Onion link for searx.me: http://ulrn6sryqaifefld.onion/

I have been using https://startpage.com which also bills itself as a "Truly private search engine". It uses Google for search results but sends your queries without any associated IP/cookie info. They also don't log your searches.

I love the idea behind their search engine, though I wonder how Google doesn't block them. It looks like they make money by charging for StartMail, which supports 'one-click PGP encryption', which I also love the idea of, but I can't imagine how that's secure. I haven't investigated, but I expect it involves pushing your private key to their servers.

In any case, thanks for the link; I'll give StartPage a go for a week and see if it sticks.

It's also what I use. I've tried to use ddg is the past several times but I kept coming back to Google many times a day because the results were so bad. I moved to StartPage almost a year ago and I use that exclusively since then (except from times to times when searching images: for that I sometimes go back to Google because they offer better search options and filters like size, color, license, etc.).

Me too, but I added a button (with TamperMonkey) to switch back to Google. Some searches are not good enough on StartPage, but at least I don't default to Gg any more.

I do the same (sort of) with duck duck go. Just add "!g" to the beginning or end of your search and you'll get actual Google.

Would the most truly price one be more like yacy [1]?

This has been a keen interest of mine the last few months, and I will be releasing my own open source search engine which basically a collection of linked docker containers (solr, scrapy, Django, workers).

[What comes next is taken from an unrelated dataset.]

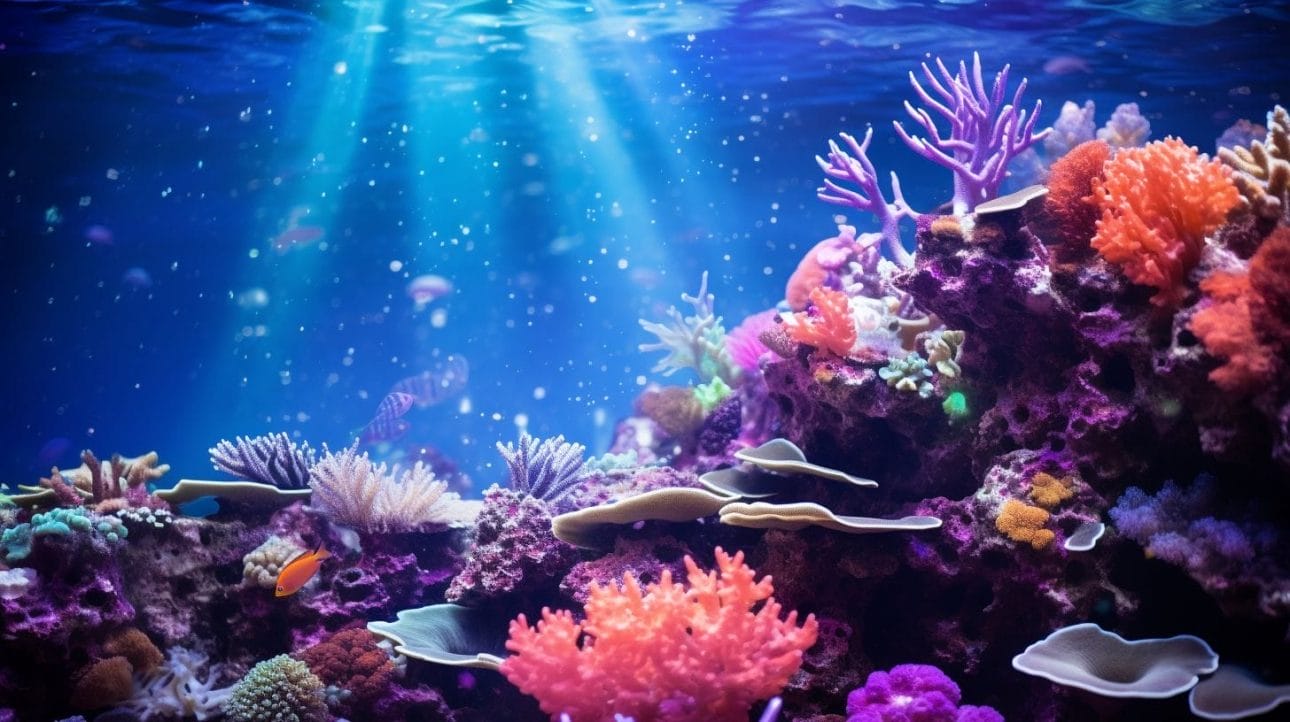 A vibrant coral reef is illuminated underwater with a DSLR camera.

Certainly the hard road ahead will be relevancy and broad crawling.

[1] - http://yacy.net

I assume you've heard of http://commoncrawl.org/ - hope this helps!

Anyone know why i'd want to use this over duckduckgo? Is it more private or something? Their about page doesn't seem to offer anything compelling over duckduckgo.

DuckDuckGo is a search engine, like Google/Bing. This is a tool that uses those search engines and then combines the results. It's useful because Google sometimes has way better search results (imho) than DuckDuckGo, and this site gives you a way to search Google while being tracked less.

DuckDuckGo is also mostly just a meta-search engine. They do have their own webcrawler, but most results are still sourced from Yahoo!, Bing and the like.

You can search Google from DDG as well. In fact by using the same style bang prefixes as you do in Searx

For me that just redirects to a search on google.com

Well, DDG is owned by Yahoo... Also, it is not open source completely. So you cannot know if it is really tracking you or not.

You can't know if a public installation of an open source project is actually just running the code that you see either. Hosted open source projects have no security benefits over proprietary services.

And duckduckgo is not owned by yahoo. It has partnerships with yahoo, bing and yandex to use their search databases.

I agree with you. However, you can run your own instance of searx if you don't trust anyone. In case of DDG you don't have this option.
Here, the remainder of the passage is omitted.